De methode Van Deventer
De nauwkeurigheid van zijn kaarten was voor die tijd opvallend. Onderzoek door historici Bram Vannieuwenhuyze en Reinout Rutte heeft meer over de Van Deventer-methode aan het licht gebracht. Wat Van Deventer boven zijn tijdgenoten deed uitsteken, letterlijk, was waarschijnlijk het beklimmen van kerktorens. Daarnaast maakte hij als een van de eersten gebruik van de driehoeksmeting. Hierdoor kon hij relatief nauwkeurig zijn kaarten tekenen.
Erkenning volgde snel, want Karel de Vijfde (1500 - 1558) benoemde hem tot keizerlijk geograaf. Ook koning Filips II (1527 - 1598) nam hem in dienst. Uit die periode stammen de stedenkaarten. Waarom ze werden getekend, is niet duidelijk. Vroeger nam men aan dat het zou gaan om militaire kaarten, gemaakt in opdracht van de Spaanse koning. De bovengenoemde historici betwijfelen dat. Van Deventer klopte zelf aan bij de koning, in plaats van andersom.
Door heel Europa
Na zijn dood werden de kaarten vergeten, om in de negentiende eeuw weer op te duiken. Van de drie delen zijn er slechts twee bewaard gebleven, en die bevinden zich in Madrid. Daardoor kun je de Noord-Brabantse steden Zevenbergen en Heusden tegenkomen in de Biblioteca Nacional de España.

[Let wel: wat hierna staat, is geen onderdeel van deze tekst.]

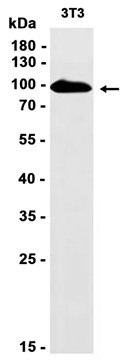 Thrombomodulin (YD15362) Rabbit mAb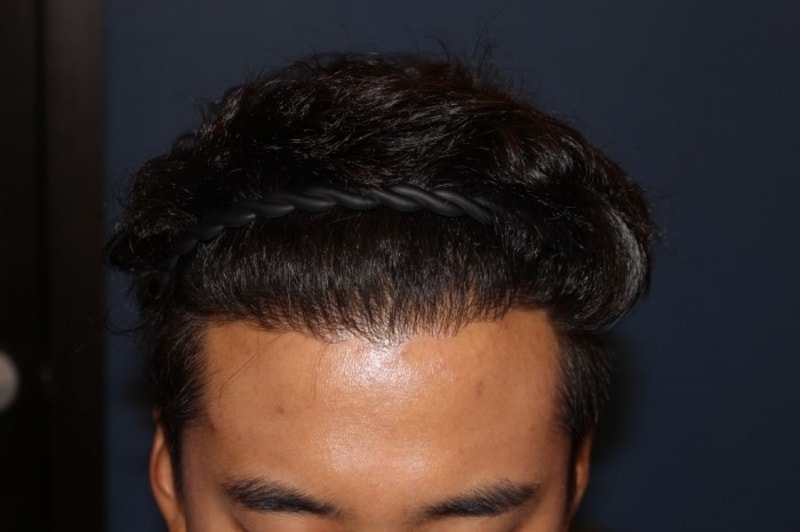수술후.jpg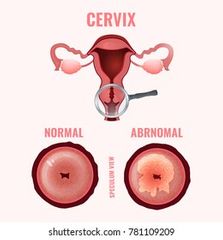 Casi cierra el extremo inferior del útero; sostiene el embrión en desarrollo durante el embarazo.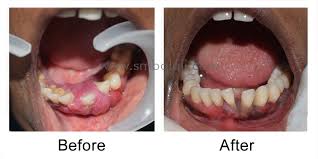 health for induced swollen gums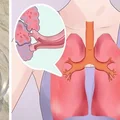 Kilka kropel tego olejku uwolni Cię od objawów każdej alergii!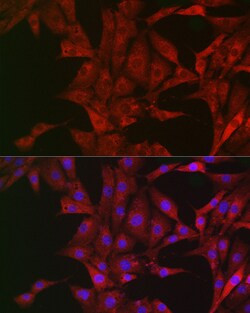 Invitrogen Bim Polyclonal Antibody 100 &mu;L; Unconjugated:Antibodies,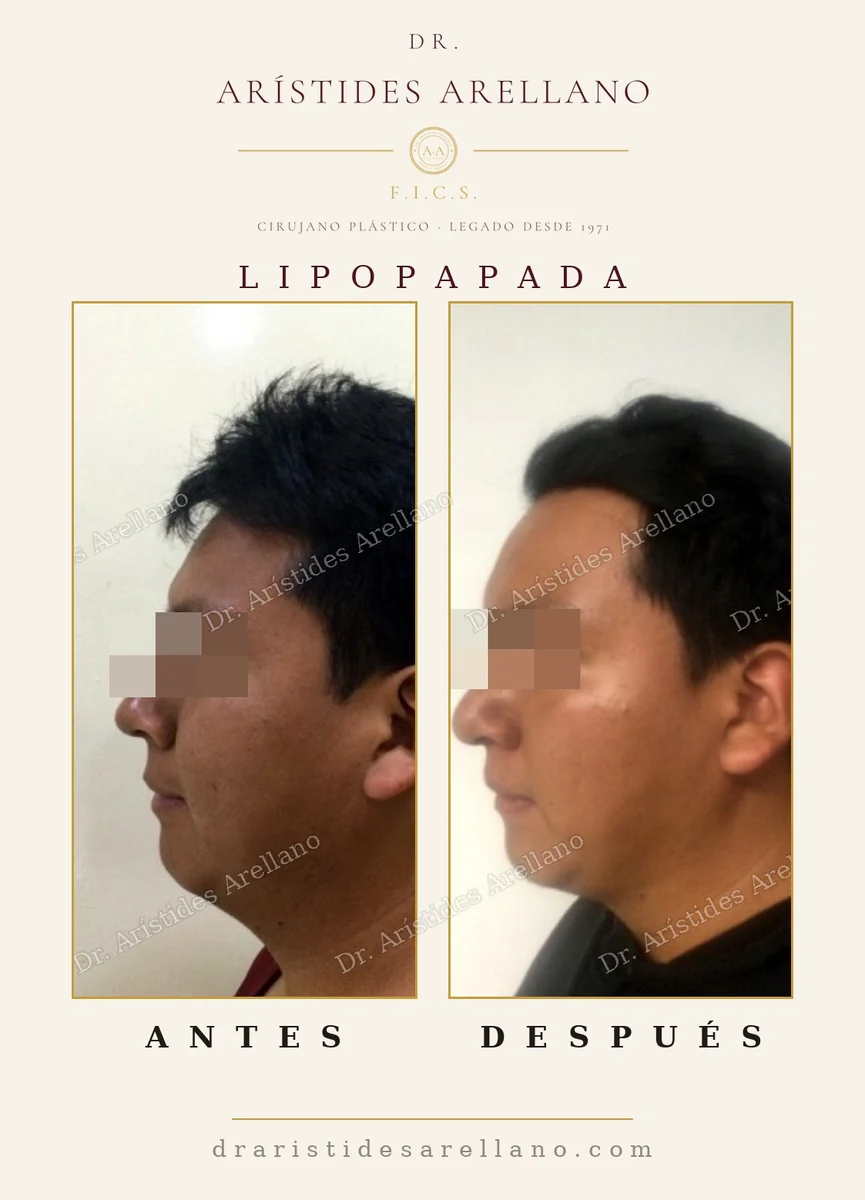 Lipopapada antes y después en vista de perfil, papada en persona delgada, resultado real del Dr. Arístides Arellano en Puebla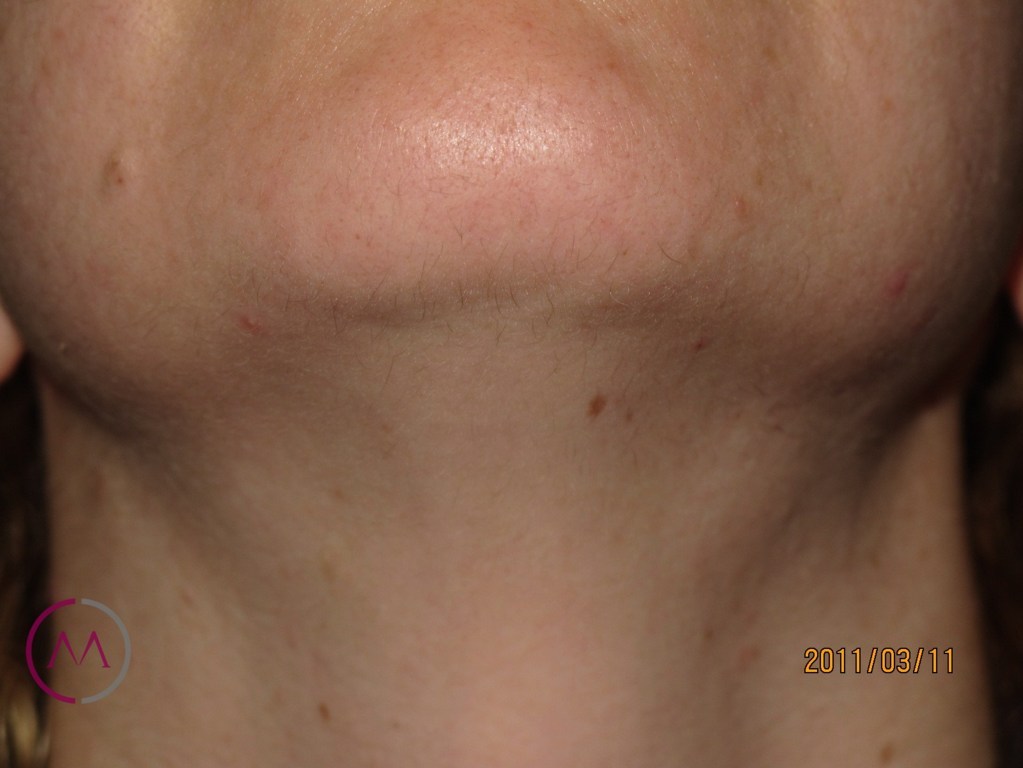 After image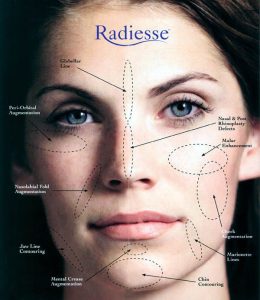 Radiesse Model Face
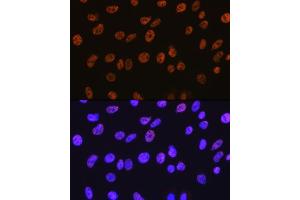 Immunofluorescence analysis of C6 cells using HD antibody (ABIN7267707) at dilution of 1:100.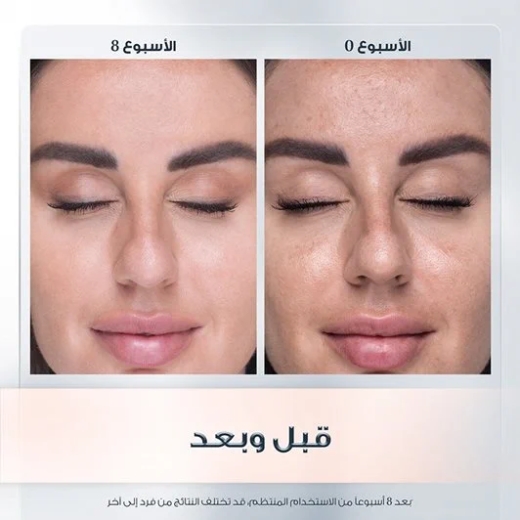 كريم النهار المضاد للتصبغات  مع 30% حماية من اشعة الشمس - من يوسرين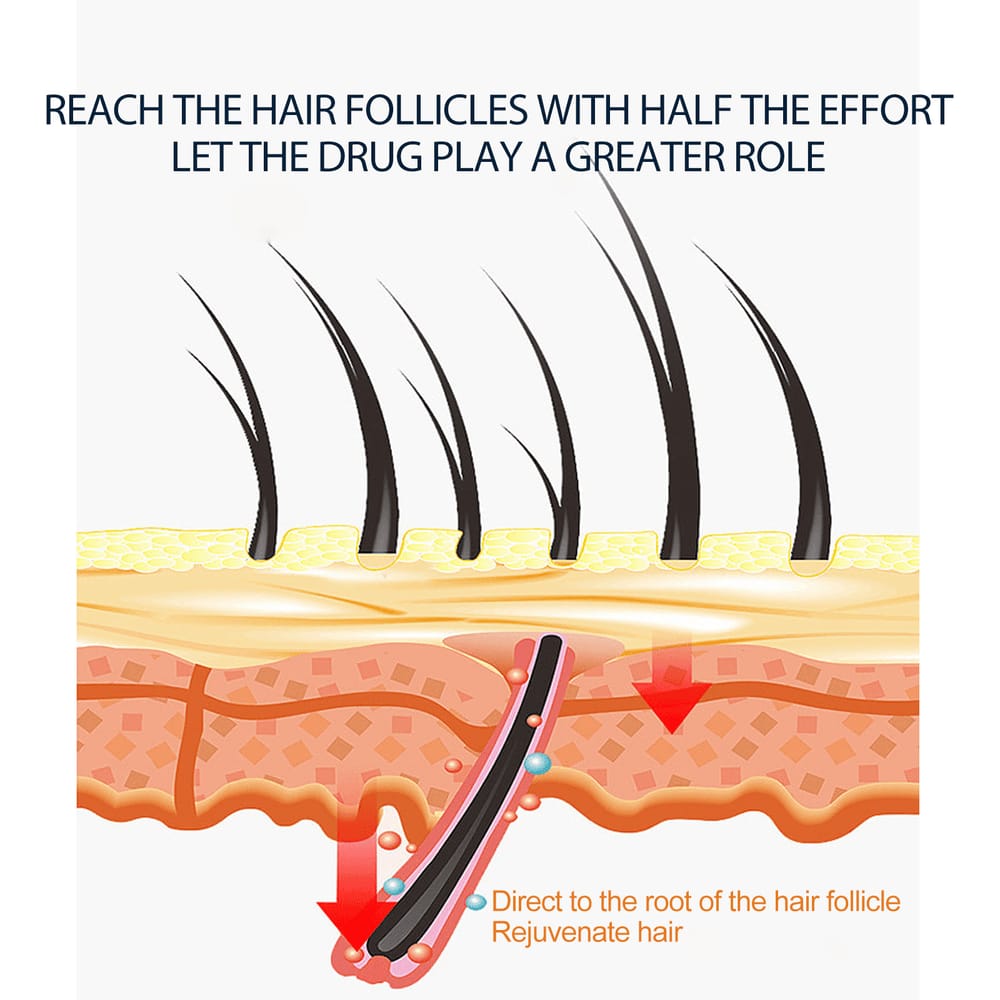 Jaysuing 5% Hair & Beard Growth Spray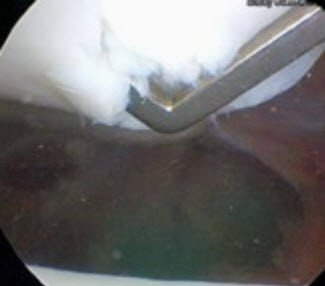 Arthroskopie Knorpelschaden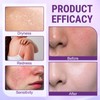 2PCS Biotin 10-in-1 Skin Restoration Cream, Professional Skin Treatment Cream,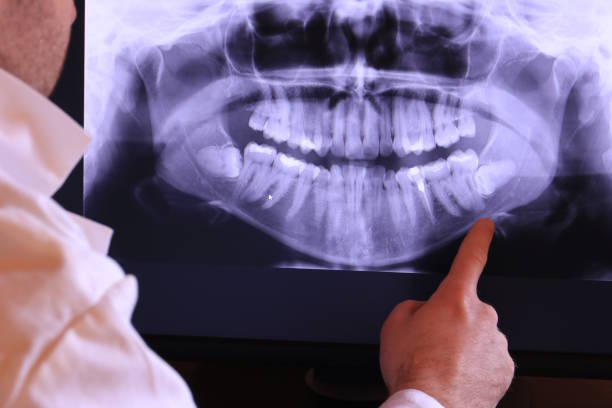 Best Emergency Denture Repair in Crozet, VA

Door heel Europa zijn varianten te vinden van kaarten. Dat kan gaan om kopieën, maar ook om de zogeheten minuut. Dat was een soort eerste versie. Van deze kaarten zijn er veel terug te vinden in provinciale collecties. Zo meldde de Arnhemsche Courant in 1867 trots dat de kaarten van de Gelderse steden waren aangekocht. Die van Noord-Brabant zijn in Brussel terecht gekomen. Het gaat om de kaarten van Megen, Geertruidenberg, Eindhoven, Helmond 's-Hertogenbosch en Bergen op Zoom.